Case of the Month
Title: Unilateral vision loss in a previously healthy patient
Submitted by: Sarah Tran MD, Luke Chang MD
Institution: Medical College of Georgia/Augusta University
Date Submitted: 09/27/2019
History of Present Illness:
A 30 year-old man presented to the emergency department with 3 weeks of progressive right eye pain and redness, accompanied by blurred and darkened vision in the affected eye. He denied any preceding trauma to the eye, fever, headache, or facial pain. He otherwise felt systemically well. He was initially diagnosed with uveitis and prescribed prednisolone and cyclopentolate eye drops by an outside provider. However, he felt that his symptoms were not improving and presented to a different ophthalmology office for a second opinion. At that time, he was found to have significant anterior chamber inflammatory reaction, vitreous haze, and a fluffy white lesion overlying the peripheral retina of the right eye. After discussing these findings with the patient, he admitted to intravenous (IV) drug use, raising concern for endogenous endophthalmitis. He subsequently underwent vitreous tap and injection of vancomycin, ceftazidime, and amphotericin B. He was also placed on empiric systemic vancomycin, ceftazidime, and amphotericin B for three weeks as an inpatient with little to no improvement in symptoms, despite a second vitreous tap and injection. Given this prolonged course with no improvement, a pars plana vitrectomy was performed.
Medical History: None
Family History: Heart disease in several grandparents.

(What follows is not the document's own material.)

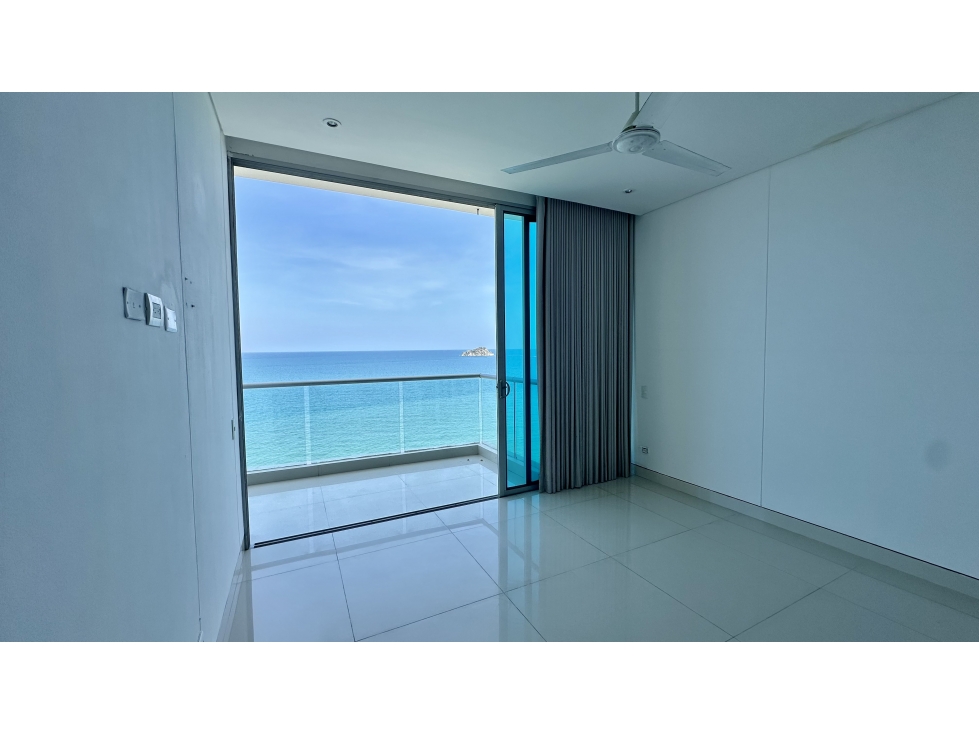 APARTAMENTO EN VENTA CON VISTA AL MAR - PORTO BELLAGIO — foto 5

Social History: Denied tobacco use, recent travel, or pets at home. He lives with his girlfriend. Active IV heroin use. Several alcoholic drinks per week.
Temp: 36.9°C Pulse: 75 BP: 122/65 SpO2: 97% on room air BMI 28.7 kg GEN: Well appearing young man in no acute distress
HEENT: Dilated R pupil with irregular borders and poor light reactivity. Extraocular movements intact. Limited R sided visual acuity at any distance.
RESP: Clear bilaterally
CV: Regular rhythm, normal rate. No murmurs.
SKIN: Warm and dry.
Neuro: Alert and interactive without gross deficit.
CBC: WBC 7.3, Hgb 12.9 Plt 215 BMP: Na 139 K 4.0 Cl 101 CO2 30 BUN 4 Cr 0.86 Glucose 100 ANA: 1:320 (speckled and homogenous pattern) Rheumatoid factor: <10 IU/mL ACE: 61 u/L (Normal range 8-53) HLA B27: Absent 1,3 B-D Glucan: 151 pg/mL (Normal range < 80) RPR: Nonreactive FTA-ABS: Nonreactive Toxo IgM/IgG: Negative Urine drug screen: Positive for oxycodone
Vitreal cultures: 2 samples negative, separated by two weeks Blood cultures: Negative, drawn every 2-3 days over a three-week period
Chest XR: No acute cardiopulmonary process. Sacroiliac XR: No evidence of ankylosing spondylitis or sacroiliitis. Transthoracic echocardiogram: No identified vegetation or patent foramen ovale. Transesophageal echocardiogram: Small mobile echodensity most likely representing redundant chordae tendinae. Unable to exclude vegetation.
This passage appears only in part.